Jupyter launch fails for UGE

Running OOD Installed Jupyter App in sandbox. When it launches it times out after a minute. Is it a connection issue?

System and scheduler info:

UGE 8.6.6
CentOS Linux release 7.4
OnDemand version: v1.6.20 | Dashboard version: v1.35.3

Security settings on compute node

firewalld disabled
selinux permissive

/home/thomasbr/ondemand/dev/jupyter/form.yml file:


cluster: “ivy”
modules: “intel python3”
extra_jupyter_args: “”
form:

  • modules
  • extra_jupyter_args
  • bc_account
  • bc_queue
  • bc_num_hours
  • bc_num_slots
  • bc_email_on_started

/home/thomasbr/ondemand/dev/jupyter/submit.yml./erb file: (this is where the files are when the jupyter-bc stuff was installed.
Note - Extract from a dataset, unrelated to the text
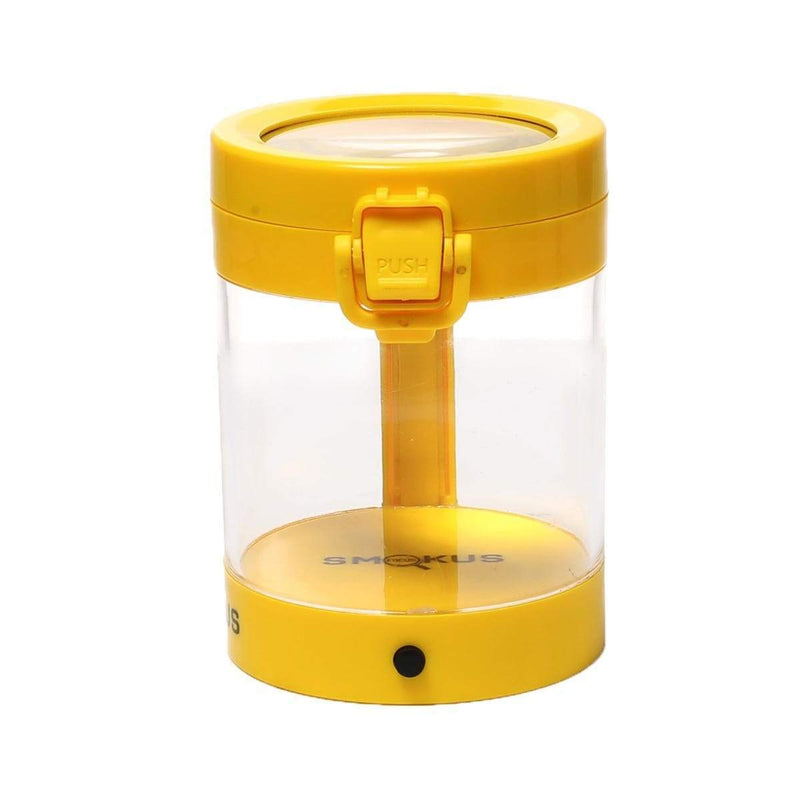 Smokus Focus Flower Storage Middleman Magnifying LED Jar - Yellow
Not sure if it needs to be moved to /submit)


batch_connect:
script:
queue_name: “ondemand”
accounting_id: “communitycluster”
job_name: “jupyter_interactive”

native:
- “-pe”
- “sm”
- “4”
- “-S”
- “/bin/bash”

output log file:

Script starting…
Waiting for Jupyter Notebook server to open port 64356…
TIMING - Starting wait at: Wed Apr 1 11:25:19 CDT 2020
TIMING - Starting main script at: Wed Apr 1 11:25:19 CDT 2020
TIMING - Starting jupyter at: Wed Apr 1 11:25:19 CDT 2020
Timed out waiting for Jupyter Notebook server to open port 64356!
TIMING - Wait ended at: Wed Apr 1 11:26:22 CDT 2020
Cleaning up…

scheduler error file:

/export/uge/default/spool/compute-19-10/job_scripts/745458: line 3: module: command not found
/home/thomasbr/ondemand/data/sys/dashboard/batch_connect/dev/jupyter/output/8656b32b-1419-462b-90e1-db491d1b2225/script.sh: line 14: module: command not found
/home/thomasbr/ondemand/data/sys/dashboard/batch_connect/dev/jupyter/output/8656b32b-1419-462b-90e1-db491d1b2225/script.sh: line 17: module: command not found
/home/thomasbr/ondemand/data/sys/dashboard/batch_connect/dev/jupyter/output/8656b32b-1419-462b-90e1-db491d1b2225/script.sh: line 20: module: command not found

  • jupyter notebook --config=/home/thomasbr/ondemand/data/sys/dashboard/batch_connect/dev/jupyter/output/8656b32b-1419-462b-90e1-db491d1b2225/config.py
    Traceback (most recent call last):
    File “/bin/jupyter-notebook”, line 8, in
    sys.exit(main())
    File “/usr/lib/python2.7/site-packages/jupyter_core/application.py”, line 270, in launch_instance
    return super(JupyterApp, cls).launch_instance(argv=argv, **kwargs)
    File “/usr/lib/python2.7/site-packages/traitlets/config/application.py”, line 663, in launch_instance
    app.initialize(argv)
    File “”, line 2, in initialize
    File “/usr/lib/python2.7/site-packages/traitlets/config/application.py”, line 87, in catch_config_error
    return method(app, *args, **kwargs)
    File “/usr/lib/python2.7/site-packages/notebook/notebookapp.py”, line 1630, in initialize
    self.init_webapp()
    File “/usr/lib/python2.7/site-packages/notebook/notebookapp.py”, line 1378, in init_webapp
    self.jinja_environment_options,
    File “/usr/lib/python2.7/site-packages/notebook/notebookapp.py”, line 159, in init
    default_url, settings_overrides, jinja_env_options)
    File “/usr/lib/python2.7/site-packages/notebook/notebookapp.py”, line 252, in init_settings
    allow_remote_access=jupyter_app.allow_remote_access,
    File “/usr/lib/python2.7/site-packages/traitlets/traitlets.py”, line 556, in get
    return self.get(obj, cls)
    File “/usr/lib/python2.7/site-packages/traitlets/traitlets.py”, line 535, in get
    value = self._validate(obj, dynamic_default())
    File “/usr/lib/python2.7/site-packages/notebook/notebookapp.py”, line 867, in _default_allow_remote
    for info in socket.getaddrinfo(self.ip, self.port, 0, socket.SOCK_STREAM):
    socket.gaierror: [Errno -2] Name or service not known

It seems to be a networking interface issue. We configure to bind to * ip which is to say, any interface. That python error, I can’t tell what it is for sure, but I’d guess it’s a DNS issue. Like you can’t resolve the loopback or ::1. Are you allowed to open ports on your compute nodes?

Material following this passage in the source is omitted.